The City Bar Justice Center’s bread and butter is offering pro bono legal assistance to those in need. The Justice Center has helped tens of thousands of New Yorkers with a variety of legal needs since its inception. The Center’s Neighborhood Entrepreneur Law Project has connected over 18,000 economically disadvantaged entrepreneurs across New York City with attorneys who help with representation, filings and contracts.
Hundreds of attorneys and sponsors gathered at the gala to raise money for the Justice Center and hear Lynch give a speech.
Executive Director of the City Bar Justice Center Kurt Denk gave a short speech reflecting on the past two decades of the City Bar Justice’s work before introducing Lynch and awarding her the City Bar Justice Award.
“Legal assistance provided by the Justice Center’s incredible staff and pro bono volunteers truly changes lives,” Denk said, listing off services the Center has provided, including assisting veterans and seniors and helping people experiencing homelessness protect their belongings.
Lynch praised the pro bono attorneys present at Wednesday’s gala. Among them were attorneys from JPMorgan Chase and Sidley Austin LLP, who were listed as “underwriters” for the event.
“Thank you all for 20 years of pushing forward with no guarantees of success,” Lynch said. “Your belief in justice will carry us into the next 20 years and beyond.”
Lynch now works as a partner at Paul, Weiss, Rifkind, Wharton & Garrison, a firm that wasrecently targeted by the Trump Administration. She took shots at the Trump Administration during her remarks, telling the audience, “Even as the din of self-interest and hypocrisy continues to emanate from Washington, it is the voices of … all of you that are overriding that sound and fury that signifies nothing and replacing it —replacing it with calls for change and replacing it with calls for action.”
Lynch previously served as the U.S. Attorney for the Eastern District of New York, which is based in Downtown Brooklyn. In 2015, she was sworn in as the first Black woman to serve as the Attorney General.
JPMorgan Chase Assistant General Counsel Leslie Harris and Sidley Executive Committee Chair Mike Schmidtberger gave a few remarks as well, expressing their gratitude to the Center.
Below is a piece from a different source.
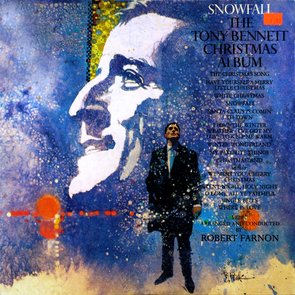 Snowfall: The Tony Bennett Christmas Album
The City Bar Justice Center — the largest division of the New York City Bar Association’s charitable affiliate, the City Bar Fund — furthers access to justice by addressing unmet civil legal needs of New Yorkers struggling with poverty and other systemic socioeconomic barriers. The Justice Center mobilizes law firms, corporate legal departments and other legal institutions to provide pro bono legal services; educates the public on pertinent legal issues; fosters strategic community relationships; and impacts public policy.